3. Mediation vs. Immediacy. On one hand, because most Web materials are free and a large number are indexed by commercial search engines, the need for institutional intermediaries has seemingly been minimized. On the other hand, the lack of restrictions on what can be "published" in this medium and the sheer amount of material available arguably requires more intensive intermediation in the form of selection, organization, and access.
4. Cost vs. Permanence. For most publicly available Web resources there is no explicit contractual agreement between the creator of the material and the potential user. The result is freely accessible material that the publisher has no obligation to maintain in any particular form. Therefore, though a site might be free, it is also potentially transient.
5. Standardization vs. Flexibility.
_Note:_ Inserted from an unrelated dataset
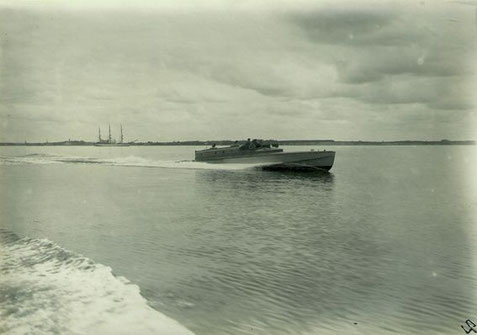 Versuchsboot „Narwal“ vor Travemünde etwa 1928 – Foto: Archiv 7. SGschw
The extraordinary growth of the Web can be attributed, at least in part, to the common use of certain protocols and relative lack of regulation. At the same time, freedom to choose from among Web design styles, preferred browsers for viewing, and the lack of agreement on metadata schemes has made the retrieval of some Web-based information more difficult.
Specific Challenges for Libraries Developing Web Collections
These general, oppositional ideas have had a direct effect on libraries’ uses of free Web resources. Even before considering specific problems associated with collecting Web materials, the staff of each library will first have to consider two very basic, related questions:
Library administrations that proceed with the development of Web collections will need to resolve a number of other issues, most of which are related to the "general problems" outlined above. The problematic traditional-progressive continuum, for instance, demands that the format and system requirements of a selected resource be taken into account. While most Web items currently convey information textually, that is changing rapidly and could present difficulties for home users with low bandwidth connections (Nielsen, 1997). Multimedia resources also require additional staff attention since links to necessary plug-ins need to be provided as well.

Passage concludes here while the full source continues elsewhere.